Do pandas read/import CSV from the string? We are often required to read a CSV file but in some cases, you might want to import from a String variable into DataFrame. In this article, I will explain how to read a CSV from a String with examples.
1. Quick Examples of Read CSV from Stirng
The following are quick examples of how to read a CSV from a string variable.
# Below are quick examples
# Convert String into StringIO
csvStringIO = StringIO(csvString)
df = pd.read_csv(csvStringIO, sep=",", header=None)
# Assign column names
columns=['Course','Fee','Duration','Discount']

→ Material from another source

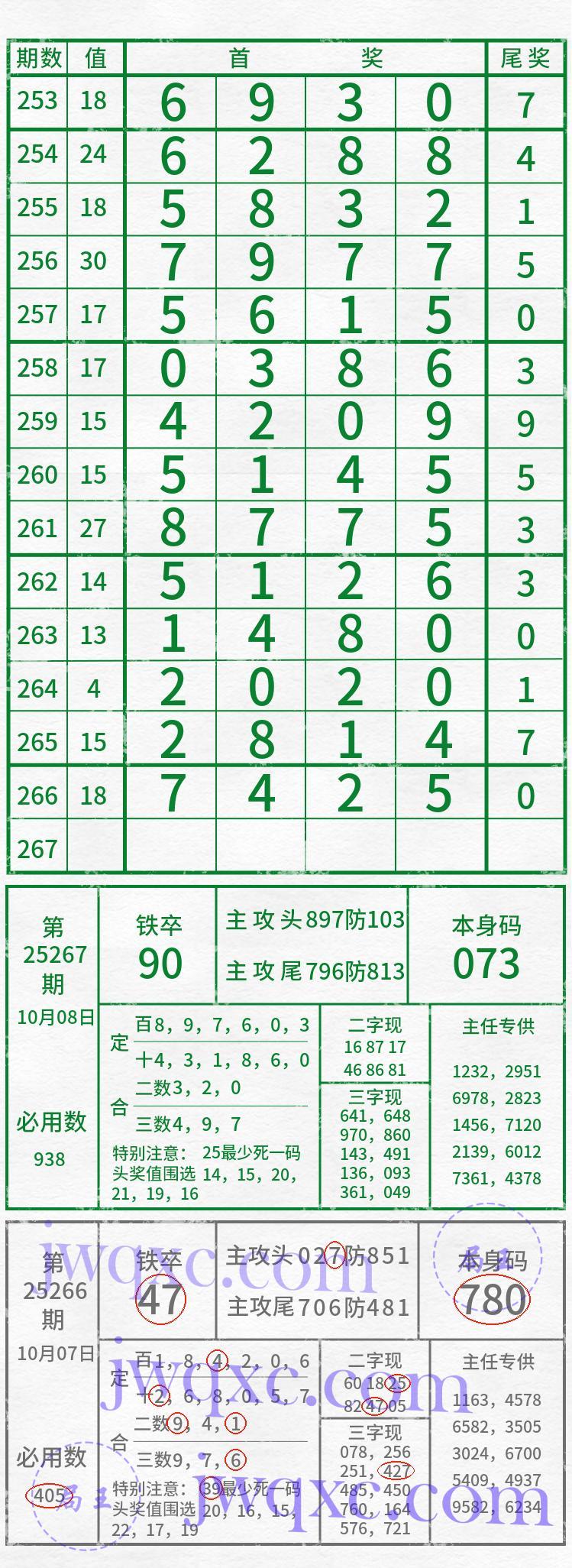 吴主任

df = pd.read_csv(StringIO(csvString), sep=",", header=None,names=columns)
# Using split by line
df = pd.DataFrame([row.split(',') for row in csvString.split('\n')],
columns=columns)
2. Using StringIO to Read CSV from String
In order to read a CSV from a String into pandas DataFrame first you need to convert the string into StringIO. so import StringIO from the io library before use. If you are using Python version 2 or earlier use from StringIO import StringIO.
from io import StringIO
# CSV String with out headers
csvString = """Spark,25000,50 Days,2000
Pandas,20000,35 Days,1000
Java,15000,,800
Python,15000,30 Days,500
PHP,18000,30 Days,800"""
# Convert String into StringIO
csvStringIO = StringIO(csvString)
Now pass the StringIO object as a param to pandas read_csv() function, this converts the String into DataFrame.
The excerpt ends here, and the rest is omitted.